Other trustees also objected to the word, calling it jargonistic and confusing.

"If I have trouble with that word, then I think everyone else will," Owen Sound trustee Marg Gaviller said. "I have no problem with the concept, it's just the word."

Admitting he was "fishing for trouble," board chair Ron Motz said heterosexuality "is the norm" but agreed it can't be regarded as superior or preferred. "I don't know who coined the word, but maybe they should be shot right now."

Lemon told trustees, and said again after the meeting, that using and defining the word heterosexism is vital in the policy, which is also meant as an educational tool.

"It more clearly delineates homophobia," she said. "It's the same as racism, assuming one race is superior."

"I think it's quite courageous to have it in there," Alton told trustees.

"We all really want this policy to work and we don't want the word to divert the principle," said trustee Carolyn Day, who chairs the policy committee.

The policy is the result of a task force formed last April after a groundbreaking training session for principals and union stewards prompted by the local EFTO human rights committee.

That session looked at legal issues around gay, lesbian, bisexual and transgender teachers in schools, Alton said.

Several gay and lesbian teachers at the session talked about their experience in Bluewater schools and issues they've faced in the community.

"Every staff member in Bluewater who is gay or lesbian has not had an easy ride because the school system clearly reflects society, so this is a whole issue of raising awareness," Alton said. "I think those people were very courageous to share their stories with principals and colleagues. It's really opened a dialogue."

The new policy combines the board's existing policies on sexual harassment, workplace harassment and discrimination and employment
equity with new policy and procedure which brings all the related issues under one document.

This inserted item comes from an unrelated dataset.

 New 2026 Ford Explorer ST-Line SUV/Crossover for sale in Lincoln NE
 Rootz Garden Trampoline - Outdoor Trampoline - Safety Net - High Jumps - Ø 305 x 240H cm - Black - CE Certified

"It's unique," Lemon said, adding the policy will require people to shift their thinking and some may be uncomfortable with it.

"Sometimes we avoid the discussions we should be having and we should be having these ones."

The draft policy goes now to secondary and elementary principals and will be circulated in January and February to school parent councils for comment before final approval at the March policy committee meeting.